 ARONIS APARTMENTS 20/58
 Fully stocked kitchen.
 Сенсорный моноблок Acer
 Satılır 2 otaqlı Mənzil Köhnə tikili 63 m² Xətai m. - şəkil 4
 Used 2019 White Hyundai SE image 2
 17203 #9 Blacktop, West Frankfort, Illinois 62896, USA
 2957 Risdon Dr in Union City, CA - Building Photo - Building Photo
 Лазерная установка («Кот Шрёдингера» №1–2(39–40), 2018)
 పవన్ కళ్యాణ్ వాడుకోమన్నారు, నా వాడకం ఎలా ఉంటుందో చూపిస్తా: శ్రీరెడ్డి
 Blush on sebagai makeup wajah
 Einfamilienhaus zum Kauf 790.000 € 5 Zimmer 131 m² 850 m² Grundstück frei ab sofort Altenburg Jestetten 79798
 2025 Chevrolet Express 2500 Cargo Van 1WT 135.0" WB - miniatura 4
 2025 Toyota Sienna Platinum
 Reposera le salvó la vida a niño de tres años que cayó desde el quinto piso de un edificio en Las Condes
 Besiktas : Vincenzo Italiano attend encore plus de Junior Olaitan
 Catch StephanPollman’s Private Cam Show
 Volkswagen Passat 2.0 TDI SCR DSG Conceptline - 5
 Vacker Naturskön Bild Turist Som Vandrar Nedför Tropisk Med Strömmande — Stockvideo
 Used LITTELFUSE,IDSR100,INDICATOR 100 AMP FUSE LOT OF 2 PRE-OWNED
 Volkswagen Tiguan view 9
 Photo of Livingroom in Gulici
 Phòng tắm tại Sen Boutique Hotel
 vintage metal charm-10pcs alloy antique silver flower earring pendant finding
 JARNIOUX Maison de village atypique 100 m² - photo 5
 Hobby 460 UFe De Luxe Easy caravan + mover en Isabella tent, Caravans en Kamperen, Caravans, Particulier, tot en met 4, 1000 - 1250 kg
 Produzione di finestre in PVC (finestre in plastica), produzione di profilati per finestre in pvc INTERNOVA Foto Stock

### WHAT IS EXPECTED
What must be transcribed is the run of lines from the one containing "Photo of Livingroom in Gulici" to the last line of the data above, inclusive, and only that.

### TASK RESULT
 Photo of Livingroom in Gulici
 Phòng tắm tại Sen Boutique Hotel
 vintage metal charm-10pcs alloy antique silver flower earring pendant finding
 JARNIOUX Maison de village atypique 100 m² - photo 5
 Hobby 460 UFe De Luxe Easy caravan + mover en Isabella tent, Caravans en Kamperen, Caravans, Particulier, tot en met 4, 1000 - 1250 kg
 Produzione di finestre in PVC (finestre in plastica), produzione di profilati per finestre in pvc INTERNOVA Foto Stock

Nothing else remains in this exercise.